Reporter ohne Grenzen Deutsche Journalisten im Visier der Geheimdienste

Pressefreiheit in Deutschland weiterhin bedroht.

Berlin – „Reporter ohne Grenzen“ betrachtet die Pressefreiheit in Deutschland weiterhin mit Sorge. Trotzdem konnte sich das Land in der neuen internationalen Rangliste der Organisation, die diese Woche vorgestellt wird, um drei Plätze nach oben arbeiten. Deutschland ist nun auf Position 14 von weltweit 180 Ländern und damit in Sachen Pressefreiheit innerhalb der EU im „oberen Mittelfeld“, wie es hieß.

Als großes Problem sieht ROG in Deutschland wir auch in anderen westlichen Ländern, dass Journalisten zunehmend ins Visier in- und ausländischer Sicherheitsbehörden geraten. So habe der niedersächsische Verfassungsschutz eingeräumt, jahrelang Journalisten überwacht zu haben, die in extremistischen Milieus recherchieren.

Auch der US-Geheimdienst CIA soll versucht haben, beim Bundesverfassungsschutz Informationen über einen deutschen Reporter zu bekommen. Schließlich stelle auch die flächendeckende Internetüberwachung durch Geheimdienste wie NSA und GCHQ den Quellenschutz für Journalisten grundsätzlich infrage.

Als weiteres Problem sieht ROG in Deutschland, dass die Zahl von Zeitungen mit eigener Vollredaktion weiter abgenommen habe. Zudem hätten Staatsanwälte wiederholt Recherchematerial von Journalisten beschlagnahmt.

Die im Juli in Kraft getretene Neuregelung der Bestandsdatenauskunft, wonach Polizei und Geheimdienste leichteren Zugriff auf Handy-PIN, Passwörter zu E-Mail- und Cloud-Diensten sowie auf dynamische IP-Adressen bekommen, bedrohe den Schutz journalistischer Quellen.

Mit Sorge beobachtet Reporter ohne Grenzen nach eigenen Angaben auch, dass Journalisten wiederholt Drohungen von Neonazis, Salafisten oder aus dem Umfeld von Kriminellen erhalten.

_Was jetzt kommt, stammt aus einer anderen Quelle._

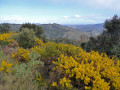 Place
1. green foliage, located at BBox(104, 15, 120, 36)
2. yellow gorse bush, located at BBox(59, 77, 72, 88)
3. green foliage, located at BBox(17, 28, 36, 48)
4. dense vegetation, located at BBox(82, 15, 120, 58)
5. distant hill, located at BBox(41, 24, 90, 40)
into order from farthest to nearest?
distant hill, located at BBox(41, 24, 90, 40)
green foliage, located at BBox(104, 15, 120, 36)
dense vegetation, located at BBox(82, 15, 120, 58)
green foliage, located at BBox(17, 28, 36, 48)
yellow gorse bush, located at BBox(59, 77, 72, 88)

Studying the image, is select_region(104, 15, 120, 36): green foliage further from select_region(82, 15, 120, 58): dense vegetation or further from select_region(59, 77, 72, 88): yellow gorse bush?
select_region(59, 77, 72, 88): yellow gorse bush

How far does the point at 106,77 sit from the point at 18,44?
19.2ft

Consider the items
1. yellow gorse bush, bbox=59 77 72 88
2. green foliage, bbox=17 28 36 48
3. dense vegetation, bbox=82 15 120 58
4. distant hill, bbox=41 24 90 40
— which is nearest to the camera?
yellow gorse bush, bbox=59 77 72 88

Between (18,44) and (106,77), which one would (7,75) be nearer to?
(106,77)

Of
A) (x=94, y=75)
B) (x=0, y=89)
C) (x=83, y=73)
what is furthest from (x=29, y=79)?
(x=94, y=75)

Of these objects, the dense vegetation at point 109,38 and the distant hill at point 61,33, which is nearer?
the dense vegetation at point 109,38

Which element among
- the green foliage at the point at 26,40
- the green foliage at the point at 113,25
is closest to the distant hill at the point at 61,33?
the green foliage at the point at 113,25

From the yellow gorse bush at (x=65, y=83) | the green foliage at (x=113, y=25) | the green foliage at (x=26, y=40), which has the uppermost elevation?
the green foliage at (x=113, y=25)

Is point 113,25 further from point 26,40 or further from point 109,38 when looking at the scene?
point 26,40

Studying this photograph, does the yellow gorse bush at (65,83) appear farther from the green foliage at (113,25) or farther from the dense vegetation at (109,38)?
the green foliage at (113,25)

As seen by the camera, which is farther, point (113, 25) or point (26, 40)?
point (113, 25)

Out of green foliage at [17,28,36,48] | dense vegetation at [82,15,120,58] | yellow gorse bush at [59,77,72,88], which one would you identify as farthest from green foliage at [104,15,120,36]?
yellow gorse bush at [59,77,72,88]

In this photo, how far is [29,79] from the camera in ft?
8.92

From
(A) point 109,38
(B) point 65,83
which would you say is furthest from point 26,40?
(A) point 109,38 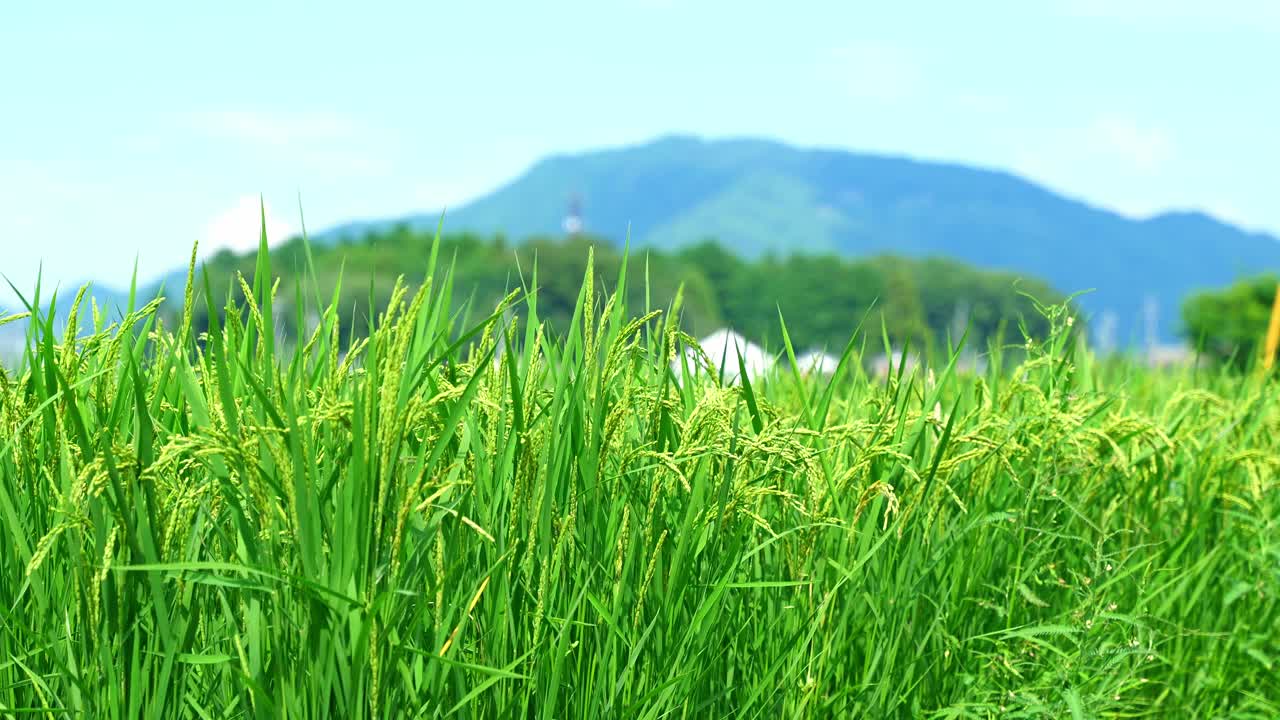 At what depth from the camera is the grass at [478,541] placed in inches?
69.1

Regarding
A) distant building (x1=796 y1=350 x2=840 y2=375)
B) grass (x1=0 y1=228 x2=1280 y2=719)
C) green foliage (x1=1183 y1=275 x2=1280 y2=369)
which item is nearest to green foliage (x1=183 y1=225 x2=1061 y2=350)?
green foliage (x1=1183 y1=275 x2=1280 y2=369)

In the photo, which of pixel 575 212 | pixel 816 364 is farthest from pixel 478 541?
pixel 575 212

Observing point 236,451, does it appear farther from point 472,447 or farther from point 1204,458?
point 1204,458

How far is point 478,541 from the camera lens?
2.04 metres

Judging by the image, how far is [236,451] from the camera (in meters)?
1.67

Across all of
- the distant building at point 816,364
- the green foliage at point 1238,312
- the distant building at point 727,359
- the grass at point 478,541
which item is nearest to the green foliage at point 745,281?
the green foliage at point 1238,312

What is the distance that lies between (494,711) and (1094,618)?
1.53 meters

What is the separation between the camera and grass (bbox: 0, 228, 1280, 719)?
1756 mm

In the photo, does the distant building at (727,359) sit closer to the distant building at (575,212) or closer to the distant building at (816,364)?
the distant building at (816,364)

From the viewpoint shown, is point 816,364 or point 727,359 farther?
point 727,359

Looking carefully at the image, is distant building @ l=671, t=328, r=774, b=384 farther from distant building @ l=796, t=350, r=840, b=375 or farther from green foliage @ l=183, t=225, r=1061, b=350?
green foliage @ l=183, t=225, r=1061, b=350

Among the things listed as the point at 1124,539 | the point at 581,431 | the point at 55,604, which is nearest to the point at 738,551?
the point at 581,431

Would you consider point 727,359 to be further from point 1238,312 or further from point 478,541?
point 1238,312

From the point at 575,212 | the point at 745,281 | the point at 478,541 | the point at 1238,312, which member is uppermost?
the point at 575,212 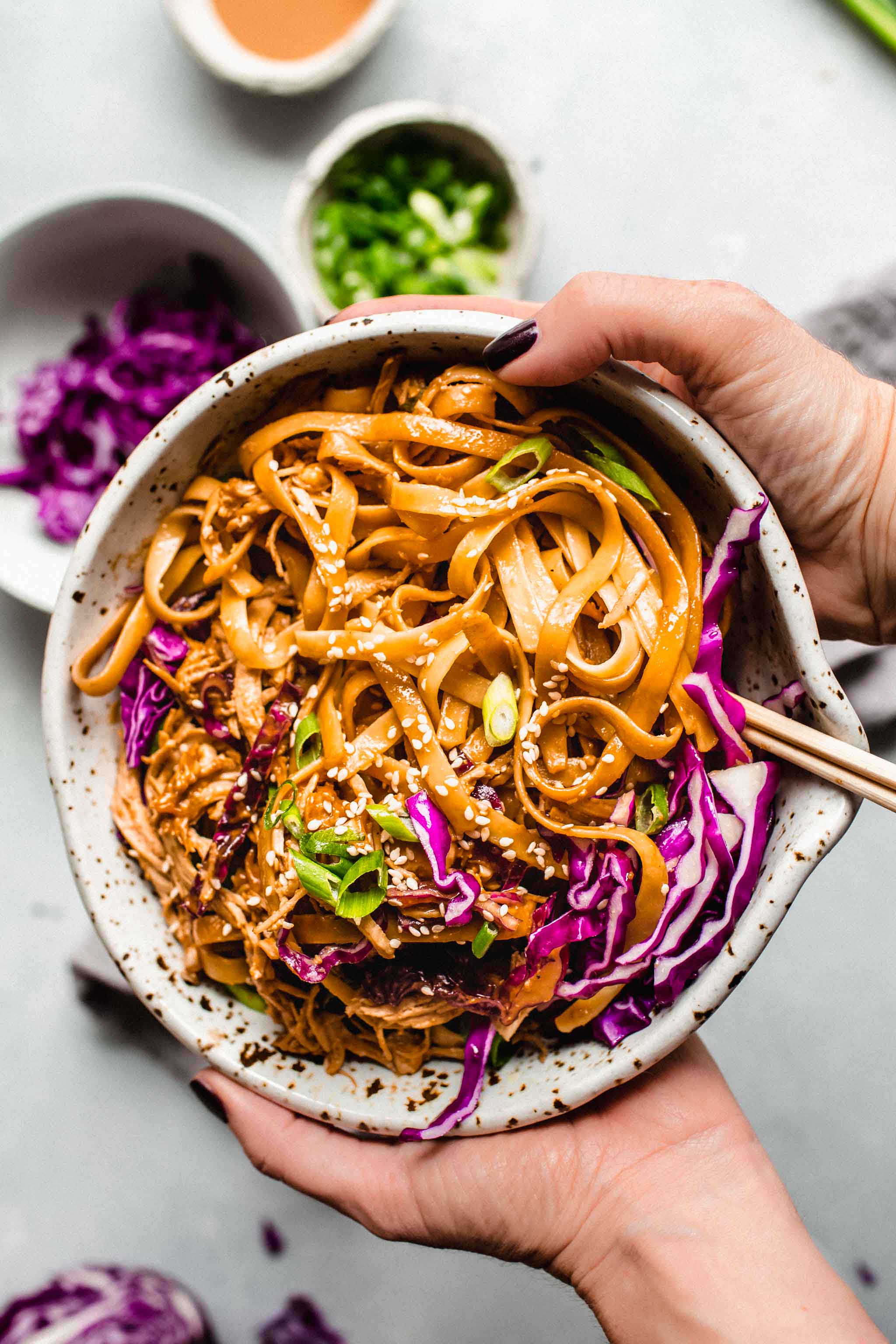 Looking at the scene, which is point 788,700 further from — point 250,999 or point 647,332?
point 250,999

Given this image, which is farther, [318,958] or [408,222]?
[408,222]

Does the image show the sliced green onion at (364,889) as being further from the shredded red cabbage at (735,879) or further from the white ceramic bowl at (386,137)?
the white ceramic bowl at (386,137)

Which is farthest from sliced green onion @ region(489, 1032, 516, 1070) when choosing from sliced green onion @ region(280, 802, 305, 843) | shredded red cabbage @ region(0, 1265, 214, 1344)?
shredded red cabbage @ region(0, 1265, 214, 1344)

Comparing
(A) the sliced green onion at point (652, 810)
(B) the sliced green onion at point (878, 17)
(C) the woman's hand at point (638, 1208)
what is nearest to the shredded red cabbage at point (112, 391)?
(A) the sliced green onion at point (652, 810)

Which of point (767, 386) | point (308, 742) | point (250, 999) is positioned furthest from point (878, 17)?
point (250, 999)

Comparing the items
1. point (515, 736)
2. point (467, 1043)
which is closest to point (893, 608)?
point (515, 736)

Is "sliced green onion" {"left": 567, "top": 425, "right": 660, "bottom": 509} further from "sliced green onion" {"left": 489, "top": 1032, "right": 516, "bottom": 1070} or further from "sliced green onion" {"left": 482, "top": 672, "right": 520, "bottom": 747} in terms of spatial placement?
"sliced green onion" {"left": 489, "top": 1032, "right": 516, "bottom": 1070}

Auf Platz eins in der weltweiten Rangliste der Pressefreiheit ist weiterhin Finnland, gefolgt von den Niederlanden, Norwegen und Luxemburg. Die USA rutschten um ganze 13 Plätze nach unten und befinden sich nun auf Position 46. Schlusslichter sind wie schon im letzten Jahr Syrien, Turkmenistan, Nordkorea und Eritrea.

Kein anderes Land hat seine Platzierung so stark verschlechtert wie die Zentralafrikanische Republik, wo Drohungen und Angriffe gegen Journalisten und Medien seit dem Putsch im März 2013 immer häufiger registriert werden, so ROG.

Die stärkste Verbesserung konnte in Ecuador und in Panama verzeichnet werden, wo nach Angaben von „Reporter ohne Grenzen“ Gewalt gegen Journalisten, direkte Zensur und willfährige Justiz rückläufig seien.